--- Provided entries ---
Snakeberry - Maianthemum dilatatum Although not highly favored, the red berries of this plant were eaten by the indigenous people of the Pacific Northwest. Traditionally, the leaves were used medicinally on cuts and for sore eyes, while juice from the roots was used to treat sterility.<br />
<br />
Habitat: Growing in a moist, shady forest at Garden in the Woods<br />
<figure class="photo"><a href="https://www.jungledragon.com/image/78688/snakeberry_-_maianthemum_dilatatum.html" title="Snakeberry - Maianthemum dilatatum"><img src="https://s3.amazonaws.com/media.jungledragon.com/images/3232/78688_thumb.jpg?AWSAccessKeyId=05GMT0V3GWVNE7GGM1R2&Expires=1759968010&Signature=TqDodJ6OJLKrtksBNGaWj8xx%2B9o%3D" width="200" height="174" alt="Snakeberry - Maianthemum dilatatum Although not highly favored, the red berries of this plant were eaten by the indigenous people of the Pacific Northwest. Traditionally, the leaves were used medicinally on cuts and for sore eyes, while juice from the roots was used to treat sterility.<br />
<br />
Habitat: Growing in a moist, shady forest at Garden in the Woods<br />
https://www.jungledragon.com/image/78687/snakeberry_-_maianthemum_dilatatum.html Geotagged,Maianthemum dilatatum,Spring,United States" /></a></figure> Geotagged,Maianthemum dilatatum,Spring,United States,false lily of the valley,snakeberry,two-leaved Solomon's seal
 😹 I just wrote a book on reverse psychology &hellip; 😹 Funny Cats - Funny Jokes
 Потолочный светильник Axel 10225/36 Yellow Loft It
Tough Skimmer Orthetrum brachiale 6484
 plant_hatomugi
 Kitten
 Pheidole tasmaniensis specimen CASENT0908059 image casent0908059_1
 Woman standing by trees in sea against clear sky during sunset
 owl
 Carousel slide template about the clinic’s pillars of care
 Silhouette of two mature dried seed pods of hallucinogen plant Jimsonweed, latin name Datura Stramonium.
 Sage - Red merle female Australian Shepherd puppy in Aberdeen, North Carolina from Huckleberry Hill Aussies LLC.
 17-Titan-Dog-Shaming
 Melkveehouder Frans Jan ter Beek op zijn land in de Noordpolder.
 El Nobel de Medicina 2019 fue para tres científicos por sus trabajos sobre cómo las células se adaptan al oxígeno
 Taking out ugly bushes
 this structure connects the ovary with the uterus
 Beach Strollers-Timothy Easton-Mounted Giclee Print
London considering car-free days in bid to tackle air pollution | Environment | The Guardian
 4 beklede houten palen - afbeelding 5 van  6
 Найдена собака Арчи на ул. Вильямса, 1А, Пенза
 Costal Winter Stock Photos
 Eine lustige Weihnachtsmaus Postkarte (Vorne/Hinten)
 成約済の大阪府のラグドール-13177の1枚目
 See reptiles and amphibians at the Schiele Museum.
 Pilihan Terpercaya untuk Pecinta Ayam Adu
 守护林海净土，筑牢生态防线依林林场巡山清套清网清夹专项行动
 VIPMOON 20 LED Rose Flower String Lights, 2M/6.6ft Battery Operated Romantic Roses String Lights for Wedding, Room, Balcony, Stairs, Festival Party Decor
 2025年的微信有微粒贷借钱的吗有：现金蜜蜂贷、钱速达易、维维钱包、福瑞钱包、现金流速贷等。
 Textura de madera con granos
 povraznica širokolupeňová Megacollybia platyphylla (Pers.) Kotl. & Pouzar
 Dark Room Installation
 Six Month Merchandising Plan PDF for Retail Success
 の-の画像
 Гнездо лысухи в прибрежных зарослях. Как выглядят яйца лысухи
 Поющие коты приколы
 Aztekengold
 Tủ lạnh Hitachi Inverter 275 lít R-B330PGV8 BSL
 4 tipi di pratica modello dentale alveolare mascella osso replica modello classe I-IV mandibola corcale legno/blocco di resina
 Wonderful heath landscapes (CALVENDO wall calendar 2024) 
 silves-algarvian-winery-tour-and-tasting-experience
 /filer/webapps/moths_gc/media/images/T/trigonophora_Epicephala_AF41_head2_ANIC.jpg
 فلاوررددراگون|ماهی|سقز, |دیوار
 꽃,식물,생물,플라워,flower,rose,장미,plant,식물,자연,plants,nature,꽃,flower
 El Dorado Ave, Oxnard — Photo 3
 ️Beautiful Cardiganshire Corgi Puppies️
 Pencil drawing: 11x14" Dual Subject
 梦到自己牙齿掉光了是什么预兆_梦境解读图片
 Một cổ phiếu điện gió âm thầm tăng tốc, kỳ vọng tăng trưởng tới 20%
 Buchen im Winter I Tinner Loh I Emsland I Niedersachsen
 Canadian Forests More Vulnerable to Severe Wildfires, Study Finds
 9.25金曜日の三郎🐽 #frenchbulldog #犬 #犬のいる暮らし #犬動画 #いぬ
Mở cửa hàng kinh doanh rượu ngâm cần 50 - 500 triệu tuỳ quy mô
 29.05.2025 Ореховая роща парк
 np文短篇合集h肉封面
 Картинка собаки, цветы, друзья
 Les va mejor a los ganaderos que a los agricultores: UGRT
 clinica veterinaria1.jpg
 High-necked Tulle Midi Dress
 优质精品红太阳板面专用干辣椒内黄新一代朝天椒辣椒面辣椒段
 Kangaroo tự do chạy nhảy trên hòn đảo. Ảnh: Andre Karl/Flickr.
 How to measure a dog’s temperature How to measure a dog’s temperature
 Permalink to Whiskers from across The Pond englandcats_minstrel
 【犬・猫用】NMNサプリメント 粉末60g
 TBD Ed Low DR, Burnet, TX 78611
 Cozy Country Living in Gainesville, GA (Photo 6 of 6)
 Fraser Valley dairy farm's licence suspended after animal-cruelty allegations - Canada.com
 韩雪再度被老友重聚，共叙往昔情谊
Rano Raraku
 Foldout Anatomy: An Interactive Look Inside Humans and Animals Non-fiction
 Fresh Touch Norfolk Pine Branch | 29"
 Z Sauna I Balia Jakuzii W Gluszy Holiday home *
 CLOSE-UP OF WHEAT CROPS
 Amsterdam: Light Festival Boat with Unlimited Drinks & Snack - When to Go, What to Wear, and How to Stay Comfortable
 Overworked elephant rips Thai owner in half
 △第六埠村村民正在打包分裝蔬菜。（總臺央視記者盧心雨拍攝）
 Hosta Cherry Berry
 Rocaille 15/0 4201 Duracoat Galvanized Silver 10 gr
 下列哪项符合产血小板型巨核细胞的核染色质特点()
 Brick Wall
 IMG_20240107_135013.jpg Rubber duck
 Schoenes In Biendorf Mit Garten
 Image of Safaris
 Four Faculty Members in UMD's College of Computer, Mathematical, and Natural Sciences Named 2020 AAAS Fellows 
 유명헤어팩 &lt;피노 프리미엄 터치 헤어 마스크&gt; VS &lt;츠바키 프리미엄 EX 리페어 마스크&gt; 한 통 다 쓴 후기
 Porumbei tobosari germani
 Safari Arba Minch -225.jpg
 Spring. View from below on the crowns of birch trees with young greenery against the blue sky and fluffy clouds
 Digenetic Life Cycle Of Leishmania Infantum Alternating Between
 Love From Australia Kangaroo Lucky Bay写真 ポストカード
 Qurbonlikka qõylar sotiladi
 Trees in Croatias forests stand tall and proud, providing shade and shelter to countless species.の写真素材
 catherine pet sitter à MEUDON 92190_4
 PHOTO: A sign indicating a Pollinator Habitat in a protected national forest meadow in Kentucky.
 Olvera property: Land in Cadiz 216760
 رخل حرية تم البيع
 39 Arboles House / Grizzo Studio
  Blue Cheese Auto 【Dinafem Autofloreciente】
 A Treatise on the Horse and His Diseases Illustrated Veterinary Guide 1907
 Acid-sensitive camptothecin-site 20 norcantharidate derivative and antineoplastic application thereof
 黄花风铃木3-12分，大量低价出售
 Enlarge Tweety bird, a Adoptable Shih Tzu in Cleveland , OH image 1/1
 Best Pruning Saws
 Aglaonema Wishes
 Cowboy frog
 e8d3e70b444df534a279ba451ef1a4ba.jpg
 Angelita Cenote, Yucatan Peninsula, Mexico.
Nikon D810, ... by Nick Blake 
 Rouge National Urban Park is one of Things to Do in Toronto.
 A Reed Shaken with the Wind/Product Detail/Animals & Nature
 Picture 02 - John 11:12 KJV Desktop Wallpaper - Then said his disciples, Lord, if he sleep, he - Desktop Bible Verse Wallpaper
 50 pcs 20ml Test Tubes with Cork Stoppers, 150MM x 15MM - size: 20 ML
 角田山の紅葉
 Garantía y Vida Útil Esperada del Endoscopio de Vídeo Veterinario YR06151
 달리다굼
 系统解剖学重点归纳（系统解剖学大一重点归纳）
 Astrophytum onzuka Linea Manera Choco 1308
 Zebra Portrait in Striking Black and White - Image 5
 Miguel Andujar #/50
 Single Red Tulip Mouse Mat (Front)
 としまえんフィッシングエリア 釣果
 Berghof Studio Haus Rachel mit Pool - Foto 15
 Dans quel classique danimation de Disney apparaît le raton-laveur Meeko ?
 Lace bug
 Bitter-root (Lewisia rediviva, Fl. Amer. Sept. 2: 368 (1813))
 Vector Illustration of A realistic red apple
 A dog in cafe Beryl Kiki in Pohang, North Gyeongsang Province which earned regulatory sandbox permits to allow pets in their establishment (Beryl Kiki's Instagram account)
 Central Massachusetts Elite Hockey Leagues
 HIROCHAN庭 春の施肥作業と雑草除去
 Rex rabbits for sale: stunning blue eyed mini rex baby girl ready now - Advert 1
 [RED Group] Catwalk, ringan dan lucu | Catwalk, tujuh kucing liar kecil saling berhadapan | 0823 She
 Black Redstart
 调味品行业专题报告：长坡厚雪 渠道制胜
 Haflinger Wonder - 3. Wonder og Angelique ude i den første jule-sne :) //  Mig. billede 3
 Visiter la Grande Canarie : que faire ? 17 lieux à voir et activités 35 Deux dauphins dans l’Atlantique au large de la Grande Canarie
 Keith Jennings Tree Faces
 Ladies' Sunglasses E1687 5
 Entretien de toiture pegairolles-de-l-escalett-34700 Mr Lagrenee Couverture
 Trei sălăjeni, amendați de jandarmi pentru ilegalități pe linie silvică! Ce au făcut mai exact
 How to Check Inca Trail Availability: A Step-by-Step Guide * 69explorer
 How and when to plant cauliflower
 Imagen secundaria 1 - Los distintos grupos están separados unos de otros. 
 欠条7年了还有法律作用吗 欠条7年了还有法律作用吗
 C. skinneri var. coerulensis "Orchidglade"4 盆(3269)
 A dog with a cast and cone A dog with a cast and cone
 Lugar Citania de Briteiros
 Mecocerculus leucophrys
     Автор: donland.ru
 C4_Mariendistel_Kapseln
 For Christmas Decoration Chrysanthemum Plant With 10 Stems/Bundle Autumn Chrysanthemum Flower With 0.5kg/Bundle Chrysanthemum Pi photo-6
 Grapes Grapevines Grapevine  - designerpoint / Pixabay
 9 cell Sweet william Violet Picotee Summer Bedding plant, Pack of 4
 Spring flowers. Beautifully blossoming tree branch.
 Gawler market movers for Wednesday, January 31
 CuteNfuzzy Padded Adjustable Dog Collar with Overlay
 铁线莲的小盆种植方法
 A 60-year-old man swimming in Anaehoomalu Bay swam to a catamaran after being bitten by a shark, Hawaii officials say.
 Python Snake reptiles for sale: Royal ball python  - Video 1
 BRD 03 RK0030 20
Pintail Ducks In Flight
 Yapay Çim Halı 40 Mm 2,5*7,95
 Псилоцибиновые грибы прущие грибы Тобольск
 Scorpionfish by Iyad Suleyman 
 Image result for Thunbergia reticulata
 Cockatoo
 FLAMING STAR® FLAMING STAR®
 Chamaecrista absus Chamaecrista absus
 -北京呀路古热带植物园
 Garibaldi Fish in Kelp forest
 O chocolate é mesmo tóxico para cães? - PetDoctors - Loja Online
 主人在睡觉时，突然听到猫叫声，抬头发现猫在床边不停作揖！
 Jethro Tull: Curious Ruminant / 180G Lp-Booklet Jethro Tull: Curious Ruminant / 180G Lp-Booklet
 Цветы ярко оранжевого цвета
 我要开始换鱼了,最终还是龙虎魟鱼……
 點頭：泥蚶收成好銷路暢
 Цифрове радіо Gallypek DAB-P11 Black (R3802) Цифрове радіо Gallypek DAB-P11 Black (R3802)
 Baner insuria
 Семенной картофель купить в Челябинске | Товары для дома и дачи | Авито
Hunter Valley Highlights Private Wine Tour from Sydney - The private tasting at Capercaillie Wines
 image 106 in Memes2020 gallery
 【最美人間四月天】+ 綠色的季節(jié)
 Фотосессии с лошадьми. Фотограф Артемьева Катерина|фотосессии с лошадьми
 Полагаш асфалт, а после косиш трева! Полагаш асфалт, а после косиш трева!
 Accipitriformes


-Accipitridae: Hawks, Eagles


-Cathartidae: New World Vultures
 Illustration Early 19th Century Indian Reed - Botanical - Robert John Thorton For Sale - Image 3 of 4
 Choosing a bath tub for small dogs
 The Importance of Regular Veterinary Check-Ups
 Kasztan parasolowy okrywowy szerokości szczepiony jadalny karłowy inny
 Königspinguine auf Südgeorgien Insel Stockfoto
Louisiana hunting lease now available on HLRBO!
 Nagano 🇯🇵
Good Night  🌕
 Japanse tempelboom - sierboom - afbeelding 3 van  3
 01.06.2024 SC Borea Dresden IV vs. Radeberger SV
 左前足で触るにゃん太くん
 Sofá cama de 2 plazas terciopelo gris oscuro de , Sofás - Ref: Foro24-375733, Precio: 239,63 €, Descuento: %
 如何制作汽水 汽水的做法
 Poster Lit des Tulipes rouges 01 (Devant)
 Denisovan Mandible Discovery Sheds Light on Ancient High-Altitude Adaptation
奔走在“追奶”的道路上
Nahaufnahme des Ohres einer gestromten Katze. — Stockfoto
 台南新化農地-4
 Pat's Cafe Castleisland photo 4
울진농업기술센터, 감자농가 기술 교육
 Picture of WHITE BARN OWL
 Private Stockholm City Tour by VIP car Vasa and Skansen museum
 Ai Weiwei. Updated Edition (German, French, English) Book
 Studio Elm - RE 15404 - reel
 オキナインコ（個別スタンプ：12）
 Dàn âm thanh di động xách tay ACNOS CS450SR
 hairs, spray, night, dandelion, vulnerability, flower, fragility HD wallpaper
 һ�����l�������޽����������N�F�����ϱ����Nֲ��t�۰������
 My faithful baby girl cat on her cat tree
---
The required result is an exact repetition of the lines from the one containing "點頭：泥蚶收成好銷路暢" through the last line of the data.

 點頭：泥蚶收成好銷路暢
 Цифрове радіо Gallypek DAB-P11 Black (R3802) Цифрове радіо Gallypek DAB-P11 Black (R3802)
 Baner insuria
 Семенной картофель купить в Челябинске | Товары для дома и дачи | Авито
Hunter Valley Highlights Private Wine Tour from Sydney - The private tasting at Capercaillie Wines
 image 106 in Memes2020 gallery
 【最美人間四月天】+ 綠色的季節(jié)
 Фотосессии с лошадьми. Фотограф Артемьева Катерина|фотосессии с лошадьми
 Полагаш асфалт, а после косиш трева! Полагаш асфалт, а после косиш трева!
 Accipitriformes


-Accipitridae: Hawks, Eagles


-Cathartidae: New World Vultures
 Illustration Early 19th Century Indian Reed - Botanical - Robert John Thorton For Sale - Image 3 of 4
 Choosing a bath tub for small dogs
 The Importance of Regular Veterinary Check-Ups
 Kasztan parasolowy okrywowy szerokości szczepiony jadalny karłowy inny
 Königspinguine auf Südgeorgien Insel Stockfoto
Louisiana hunting lease now available on HLRBO!
 Nagano 🇯🇵
Good Night  🌕
 Japanse tempelboom - sierboom - afbeelding 3 van  3
 01.06.2024 SC Borea Dresden IV vs. Radeberger SV
 左前足で触るにゃん太くん
 Sofá cama de 2 plazas terciopelo gris oscuro de , Sofás - Ref: Foro24-375733, Precio: 239,63 €, Descuento: %
 如何制作汽水 汽水的做法
 Poster Lit des Tulipes rouges 01 (Devant)
 Denisovan Mandible Discovery Sheds Light on Ancient High-Altitude Adaptation
奔走在“追奶”的道路上
Nahaufnahme des Ohres einer gestromten Katze. — Stockfoto
 台南新化農地-4
 Pat's Cafe Castleisland photo 4
울진농업기술센터, 감자농가 기술 교육
 Picture of WHITE BARN OWL
 Private Stockholm City Tour by VIP car Vasa and Skansen museum
 Ai Weiwei. Updated Edition (German, French, English) Book
 Studio Elm - RE 15404 - reel
 オキナインコ（個別スタンプ：12）
 Dàn âm thanh di động xách tay ACNOS CS450SR
 hairs, spray, night, dandelion, vulnerability, flower, fragility HD wallpaper
 һ�����l�������޽����������N�F�����ϱ����Nֲ��t�۰������
 My faithful baby girl cat on her cat tree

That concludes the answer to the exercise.